I have not build a docker image. I follow the reproducer instructions in the original bug report and was able to reproduce the error. After having set things up for OverlayFS I instead do:
docker run -ti fedora /bin/bash
touch /var/lib/rpm/*
yum install -y quilt
With the two later commands being executed in the container. This made the "Rpmdb checksum is invalid: dCDPT(pkg checksums): groff-base.x86_64 0:1.22.2-11.fc21 - u" error go away. This means that elevating the rpmdb in the upper layer fixes this issue. No idea how to do this for your docker build use case, though.
I am using Fedora 21 both as host and as container. 
> rpm -q docker-io
docker-io-1.6.0-2.git3eac457.fc21.x86_64
Given the nature of the issue the exact version of docker and the OS should actually not matter.

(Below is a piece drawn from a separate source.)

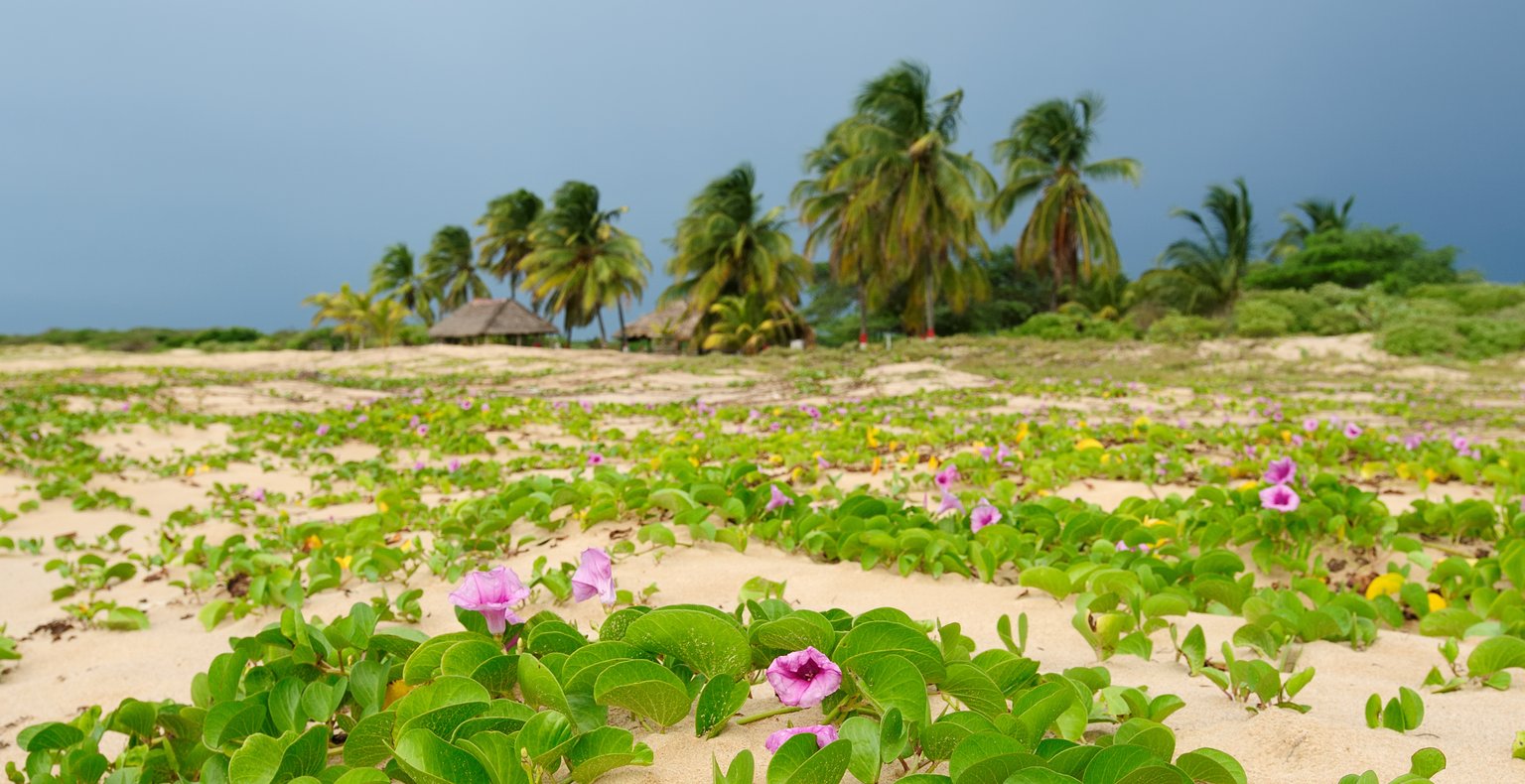 Vuelos baratos de Valencia a Riohacha a partir de 555 €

I think telling people to do `touch /var/lib/rpm/*` in their Dockerfiles today makes sense. Even if this bug was fixed *today*, we'd still have RHEL6 base images, not to mention probably years of people running 7.0/7.1 images. That said, it seems really worth having someone who knows this part of the yum codebase to make it overlayfs compatible. Upstream commits:
commit 617d2d90a553f9e5bc4dfd9ab2f9c194b956fcab
Author: Valentina Mukhamedzhanova <vmukhame>
Date:   Thu Jun 25 12:53:39 2015 +0200
    ovl plugin: get rpmdbpath from conduit
commit 1555cfa6465e6e31515a86f097c8993d89c0085e
Author: Valentina Mukhamedzhanova <vmukhame>
Date:   Thu Jun 25 12:30:13 2015 +0200
    ovl plugin: fix indentation
commit 0c0b029122b476c269a4b560d9be558e69e054ae
Author: Valentina Mukhamedzhanova <vmukhame>
Date:   Thu Jun 25 12:09:52 2015 +0200
    Add plugin for overlayfs issue workaround. Patch by Pavel Odvody. BZ#1213602
I am having problems building a container when yum is used. This is the same issue mentioned in comment #9. I have opened new ticket for this issue: #1256299. yum-utils-1.1.31-28.fc21 has been pushed to the Fedora 21 stable repository. If problems still persist, please make note of it in this bug report. Since the problem described in this bug report should be resolved in a recent advisory, it has been closed with a resolution of ERRATA. For information on the advisory, and where to find the updated files, follow the link below. If the solution does not work for you, open a new bug report. https://rhn.redhat.com/errata/RHBA-2015-2129.html Is this going to be fixed for docker images that rely on CentOS 6, or will those images remain unusable if the docker server uses the "overlay" storage driver? For me, not working in Red Hat 7.2 "latest". I had to implement the workaround: RUN touch /var/lib/rpm/* in my Dockerfile, before "yum install" or similar. Note that the workaround must be run prior to yum install and in the same build layer. Tested with the CentOS 6.6 image. |